A Reprieve For Opponents Of Tongass Logging Agenda

Federal law doesn’t mandate minimum amounts of logging in Alaska’s Tongass rainforest, judge says — read more from @alaska.bsky.social at @alaskabeacon.com alaskabeacon.com/2026/03/17/f…

Alaska Beacon (@alaskabeacon.com) 2026-03-17T16:34:17.973Z

While the Trump administration is adamant it will follow through with its lifting of previous protections for Tongass National Forest and then open up logging business for the timber industry, but a federal judge offered a glimmer of hope, with the caveat that the feds will keep moving the goal posts to allow the federal land to be logged in.
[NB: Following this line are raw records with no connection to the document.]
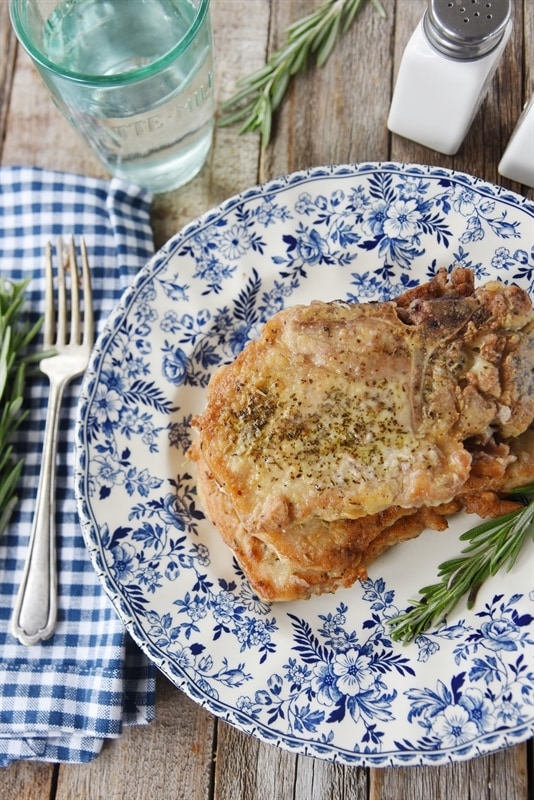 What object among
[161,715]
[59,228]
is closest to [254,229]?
[59,228]

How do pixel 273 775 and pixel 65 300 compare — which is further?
pixel 65 300

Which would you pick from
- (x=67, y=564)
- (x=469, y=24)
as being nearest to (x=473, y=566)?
(x=67, y=564)

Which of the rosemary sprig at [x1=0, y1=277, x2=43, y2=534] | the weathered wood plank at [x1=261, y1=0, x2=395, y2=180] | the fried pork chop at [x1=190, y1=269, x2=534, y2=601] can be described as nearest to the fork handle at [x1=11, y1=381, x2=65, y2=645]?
the rosemary sprig at [x1=0, y1=277, x2=43, y2=534]

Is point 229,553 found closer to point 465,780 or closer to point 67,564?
point 67,564

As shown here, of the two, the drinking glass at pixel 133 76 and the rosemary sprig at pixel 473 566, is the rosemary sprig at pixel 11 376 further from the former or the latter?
the rosemary sprig at pixel 473 566

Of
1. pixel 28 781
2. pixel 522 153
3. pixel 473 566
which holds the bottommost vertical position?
pixel 28 781

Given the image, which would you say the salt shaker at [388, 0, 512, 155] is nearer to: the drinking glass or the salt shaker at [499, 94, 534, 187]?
the salt shaker at [499, 94, 534, 187] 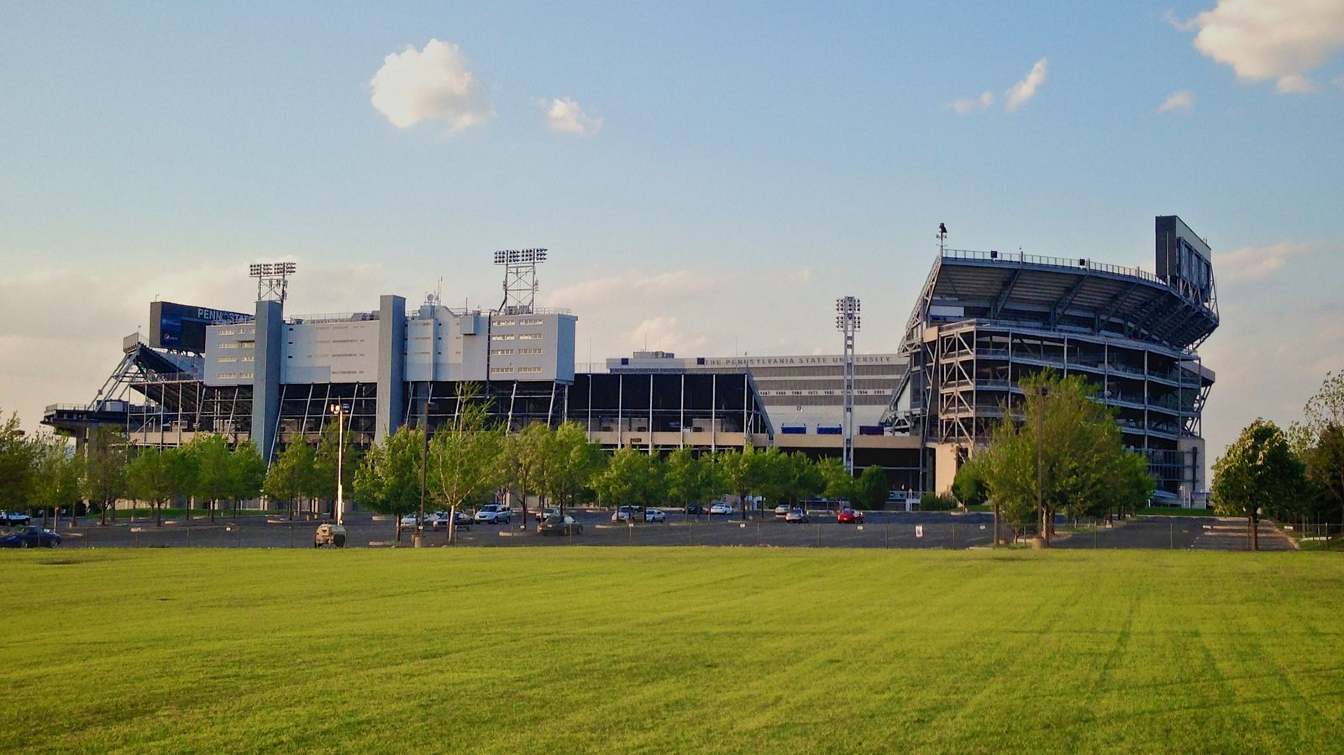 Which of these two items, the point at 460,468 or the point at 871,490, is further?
the point at 871,490

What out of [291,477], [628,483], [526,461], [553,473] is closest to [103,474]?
[291,477]

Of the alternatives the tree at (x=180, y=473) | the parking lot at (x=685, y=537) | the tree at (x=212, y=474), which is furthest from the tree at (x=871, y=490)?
the tree at (x=180, y=473)

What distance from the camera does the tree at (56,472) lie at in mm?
86250

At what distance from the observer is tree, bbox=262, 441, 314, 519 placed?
110m

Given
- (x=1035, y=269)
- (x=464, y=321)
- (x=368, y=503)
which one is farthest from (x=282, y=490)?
(x=1035, y=269)

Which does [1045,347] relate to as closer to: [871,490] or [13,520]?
[871,490]

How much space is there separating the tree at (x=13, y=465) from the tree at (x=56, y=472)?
58.6ft

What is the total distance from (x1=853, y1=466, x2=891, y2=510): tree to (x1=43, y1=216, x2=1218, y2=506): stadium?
1206 centimetres

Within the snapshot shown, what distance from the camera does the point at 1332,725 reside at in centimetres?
1470

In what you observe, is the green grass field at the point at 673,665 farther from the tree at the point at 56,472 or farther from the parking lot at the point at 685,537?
the tree at the point at 56,472

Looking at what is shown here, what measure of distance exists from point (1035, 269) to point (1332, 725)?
14433 centimetres

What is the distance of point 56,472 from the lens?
93125 mm

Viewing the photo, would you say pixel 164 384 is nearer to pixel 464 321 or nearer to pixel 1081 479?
pixel 464 321

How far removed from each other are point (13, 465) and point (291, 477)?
48399mm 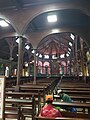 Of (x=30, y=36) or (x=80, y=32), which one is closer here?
(x=80, y=32)

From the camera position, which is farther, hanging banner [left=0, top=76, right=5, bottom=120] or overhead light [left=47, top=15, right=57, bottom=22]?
overhead light [left=47, top=15, right=57, bottom=22]

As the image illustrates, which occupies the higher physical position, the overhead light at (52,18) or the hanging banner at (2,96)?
the overhead light at (52,18)

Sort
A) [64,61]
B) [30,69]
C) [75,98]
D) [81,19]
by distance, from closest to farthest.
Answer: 1. [75,98]
2. [81,19]
3. [30,69]
4. [64,61]

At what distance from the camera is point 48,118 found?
1855 mm

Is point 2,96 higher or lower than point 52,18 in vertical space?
lower

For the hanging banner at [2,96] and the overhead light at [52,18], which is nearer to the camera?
the hanging banner at [2,96]

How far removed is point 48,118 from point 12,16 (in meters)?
6.45

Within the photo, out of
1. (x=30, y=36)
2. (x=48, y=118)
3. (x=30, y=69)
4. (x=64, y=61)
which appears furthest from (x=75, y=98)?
(x=64, y=61)

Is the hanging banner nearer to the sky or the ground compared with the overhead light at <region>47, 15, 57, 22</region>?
nearer to the ground

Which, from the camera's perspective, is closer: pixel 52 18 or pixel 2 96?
pixel 2 96

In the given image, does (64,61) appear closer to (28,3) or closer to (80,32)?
(80,32)

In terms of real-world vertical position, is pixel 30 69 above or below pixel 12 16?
below

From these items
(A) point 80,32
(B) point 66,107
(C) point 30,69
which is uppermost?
(A) point 80,32

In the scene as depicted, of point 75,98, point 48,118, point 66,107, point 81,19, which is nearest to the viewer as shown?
point 48,118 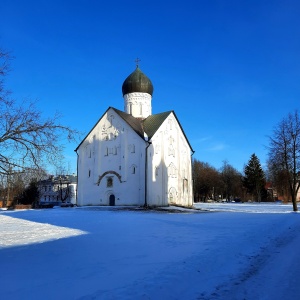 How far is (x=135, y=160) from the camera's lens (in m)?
34.0

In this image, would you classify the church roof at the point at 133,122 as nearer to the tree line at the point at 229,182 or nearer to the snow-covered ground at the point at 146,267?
the snow-covered ground at the point at 146,267

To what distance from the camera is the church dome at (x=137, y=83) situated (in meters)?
39.8

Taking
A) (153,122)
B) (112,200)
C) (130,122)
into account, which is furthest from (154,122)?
(112,200)

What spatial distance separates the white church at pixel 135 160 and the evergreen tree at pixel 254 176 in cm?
3439

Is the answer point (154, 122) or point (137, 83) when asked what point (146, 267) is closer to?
point (154, 122)

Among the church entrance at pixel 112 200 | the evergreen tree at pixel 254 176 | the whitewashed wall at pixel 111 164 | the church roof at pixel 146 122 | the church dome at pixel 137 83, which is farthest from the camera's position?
the evergreen tree at pixel 254 176

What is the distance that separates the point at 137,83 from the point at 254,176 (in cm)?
4030

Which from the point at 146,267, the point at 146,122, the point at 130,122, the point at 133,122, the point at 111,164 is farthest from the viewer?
the point at 146,122

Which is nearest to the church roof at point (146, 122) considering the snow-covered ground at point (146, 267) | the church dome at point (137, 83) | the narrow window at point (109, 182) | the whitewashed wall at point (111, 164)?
→ the whitewashed wall at point (111, 164)

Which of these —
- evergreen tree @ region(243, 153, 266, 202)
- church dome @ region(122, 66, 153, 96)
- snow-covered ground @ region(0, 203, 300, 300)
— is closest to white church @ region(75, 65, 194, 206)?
church dome @ region(122, 66, 153, 96)

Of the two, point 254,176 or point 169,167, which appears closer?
point 169,167

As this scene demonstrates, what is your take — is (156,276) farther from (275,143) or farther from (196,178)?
(196,178)

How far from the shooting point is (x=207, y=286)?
550 centimetres

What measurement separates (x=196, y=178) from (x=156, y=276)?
7309cm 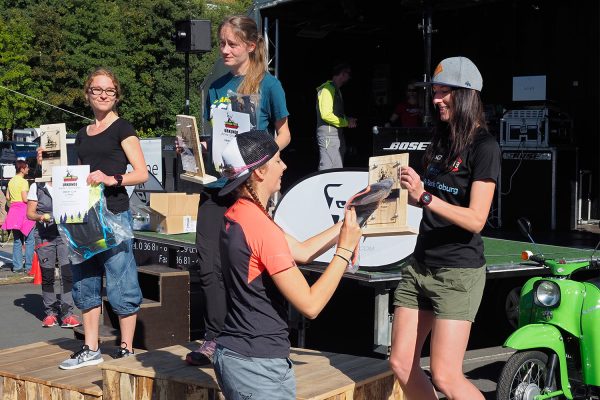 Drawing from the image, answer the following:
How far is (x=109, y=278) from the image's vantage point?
5.04 meters

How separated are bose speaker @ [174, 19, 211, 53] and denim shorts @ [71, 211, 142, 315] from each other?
932cm

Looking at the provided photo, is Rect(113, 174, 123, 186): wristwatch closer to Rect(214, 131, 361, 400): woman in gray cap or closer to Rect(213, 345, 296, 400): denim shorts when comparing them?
Rect(214, 131, 361, 400): woman in gray cap

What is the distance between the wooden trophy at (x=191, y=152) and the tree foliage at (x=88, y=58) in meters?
38.4

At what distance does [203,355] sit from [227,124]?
1.19 m

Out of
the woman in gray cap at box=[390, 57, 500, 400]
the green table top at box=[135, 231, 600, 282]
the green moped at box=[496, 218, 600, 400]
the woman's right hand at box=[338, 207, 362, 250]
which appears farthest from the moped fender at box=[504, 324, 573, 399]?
the woman's right hand at box=[338, 207, 362, 250]

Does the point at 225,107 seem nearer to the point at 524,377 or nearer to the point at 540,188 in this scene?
the point at 524,377

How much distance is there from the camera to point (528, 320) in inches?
213

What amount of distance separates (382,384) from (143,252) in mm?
5394

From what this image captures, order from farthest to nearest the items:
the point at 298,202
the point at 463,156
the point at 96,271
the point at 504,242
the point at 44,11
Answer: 1. the point at 44,11
2. the point at 504,242
3. the point at 298,202
4. the point at 96,271
5. the point at 463,156

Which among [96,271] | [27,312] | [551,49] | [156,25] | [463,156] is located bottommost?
[27,312]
Here’s the Alaska Beacon with more:

In an order published Friday, Judge Sharon Gleason dismissed the lawsuit filed by Viking Lumber, Alcan Timber and the Alaska Forest Association. 

The three groups sued the U.S. Department of Agriculture — the parent organization of the U.S. Forest Service — last year, alleging in part that the federal Tongass Timber Reform Act of 1990 required the Forest Service to offer enough timber sales to meet market demand.

Gleason ruled otherwise, finding that TTRA does not impose “a mandatory duty” on the Forest Service to ensure that market demand is met by Tongass timber sales.

“Whether the harvest levels are designed to actually meet market demand is a discretionary agency action, not a mandatory requirement imposed by the TTRA on the Forest Service,” she wrote.